11. 9. 2022
Text: Römerbrief 14, 19 (Lehrtext zum 15. 9. 2022)
Paulus schreibt: Lasst uns dem nachstreben, was zum Frieden dient und zur Erbauung untereinander.
Gedanken zum Text:
Ach, Paulus, du hast ja so recht! Erinnere uns nur, worauf es wirklich ankommt, gerade dann, wenn das Leben seine raue Seite zeigt. Da liegt uns nämlich das Beharren, das Recht haben wollen, die Schuldzuweisung und der Verriss viel näher als die Sorge um den Frieden oder gar um die „Erbauung untereinander“, wie es wohlklingend altertümlich in der Lutherübersetzung heißt. Das ist unsere menschliche Natur. Das war zu deiner Zeit auch nicht anders, auch in den christlichen Gemeinden, selbst in der Welthauptstadt Rom, stimmt´s, Paulus? Damals ging´s ums Essen. Was darf der gute Christ essen und was nicht. Muss er die Speisegebote der Thora einhalten, darf er das Fleisch von Opfertieren für andere Götter, das preiswert zu haben war, zu sich nehmen?
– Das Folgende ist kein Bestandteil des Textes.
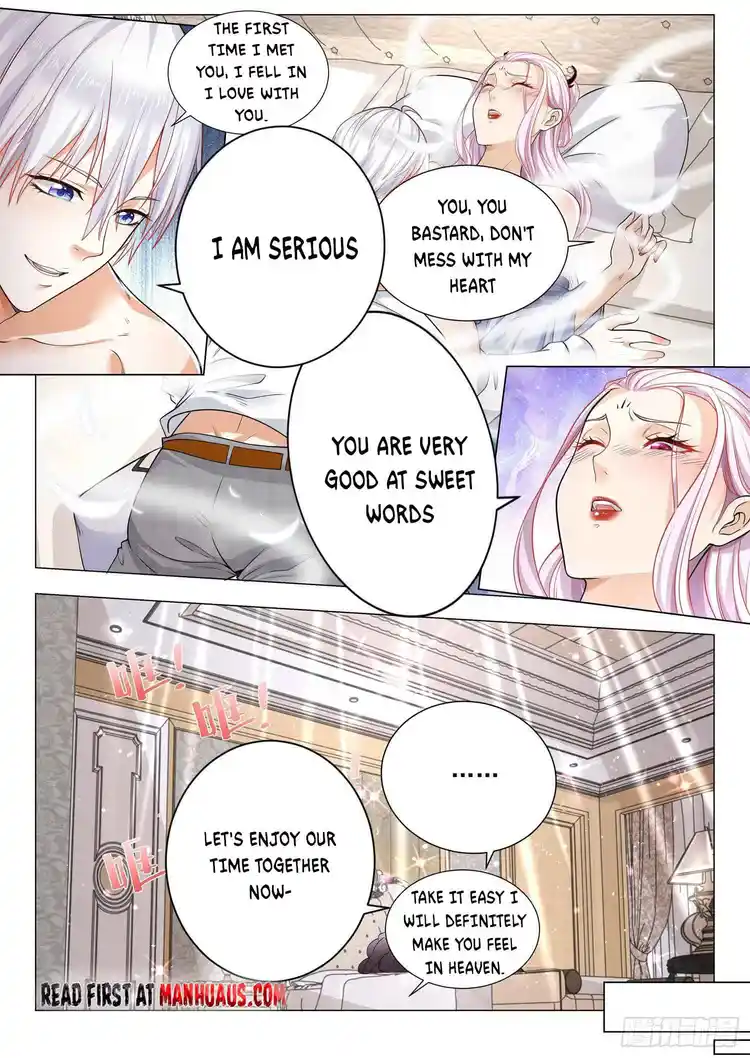 Divine Hero’S Skyfall System Chapter 410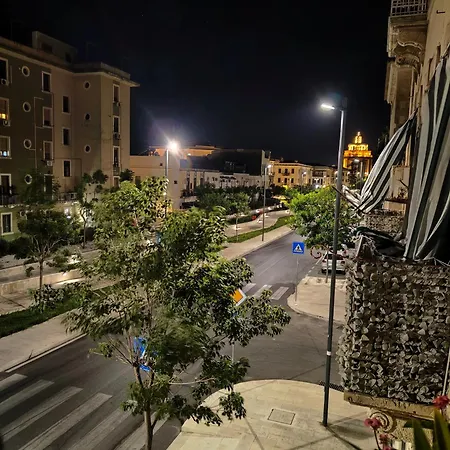 La Casa Di Mary アパート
Diese „Probleme“ möchten wir haben, denken bestimmt nicht wenige Menschen heute in den Kirchen und Gemeinden. Aber halt! Kennen wir diese Diskussionen nicht auch? Sicher, die Thora – Speisegebote wieder zu beachten ist für die meisten Christen kein Thema. Aber ob nun Ernährung mit oder ohne Fleisch, alles unbedingt Bio oder Hauptsache, es schmeckt – das gerät immer öfter zur grundsätzlichen, scheinbar heilsentscheidenden Bekenntnisfrage. Danke, Paulus, dass du die römischen Christen zu deiner Zeit und auch uns heute vor diesem gefährlichen Irrtum bewahren möchtest, indem du sie und uns erinnerst: Was wir essen, ist eben nicht heilsentscheidend und wird auch immer so verschieden sein, wie wir geprägt sind und was für Ernährungsmöglichkeiten wir haben. Die Vielfalt unserer Ansichten – längst nicht nur in diesem Punkt – ist immer eine Herausforderung für das Zusammenleben, wie wir gerade auch in der gegenwärtigen Krise deutlich spüren, in der bei ziemlich vielen Menschen die Nerven blank zu liegen scheinen. Dem nachzustreben, was zum Frieden dient, heißt da ganz konkret sich an einen Tisch zu setzen, einander zuzuhören und zu sagen, was zu sagen ist: Stärkende Worte, Mut machende Ideen, hoffnungsvolle Gedanken, oder auch ein sanfter Trost – gespeist aus einem tiefen Gottvertrauen kommen – kurz: alles, was der Erbauung untereinander dient.
Gedanken zum Bild:
Brücken verbinden Orte und Menschen, lassen sie auf direktem Weg zueinander kommen, überwinden Hindernisse ohne mühsame Umwege – kurz: Sie sind eine sehr praktische Erfindung, die das Leben erheblich erleichtern. Mehr noch: Eine Brücke ist auch ein sehr starkes, sofort verständliches Symbol. „Brücken“ im übertragenen Sinn sind für das Zusammenleben unerlässlich. Denn oft genug sind wir auf sie angewiesen, wenn wir die Menschen verstehen wollen, mit denen wir den Lebensraum und die Lebenszeit teilen. Das beginnt bereits bei unseren Familien und Verwandten und erst recht bei Bekannten oder Unbekannten. Menschen, die als „Brückenbauer“ wirken, braucht es gerade in unserer Gegenwart so sehr wie lange nicht mehr, denn so viele igeln sich inzwischen am „Ufer“ der eigenen Meinung, der eigenen Weltsicht und der eigenen Sorgen ein, bis die Verbindung zu den „anderen Ansichten“ ganz abzureißen droht. Natürlich haben es die „Brückenbauer“ nicht immer leicht. Einerseits werden sie sehr geschätzt von denen, die bereit sind, die Brücke von sich aus auch zu betreten. Bei den anderen müssen sie sich mitunter Belehrungen, Spott und Hohn gefallen lassen. Denn was nützt die schönste Brücke, wenn sie nicht betreten wird oder jeder nur an „seinem Ufer“ verharrt – und darauf wartet, dass der andere da drüben den ersten Schritt macht? Klar, es braucht etwas Überwindung und Mut für den ersten Schritt aufeinander zu und es kann auch sein, dass sich der Jubel auf „der anderen Seite“ in Grenzen hält. Aber dass es Brücken für ein gelingendes Zusammenleben nicht nur in den Gemeinden braucht, steht außer Frage. Diese zu bauen und zu erhalten ist unsere Aufgabe als Kirchen und Christen.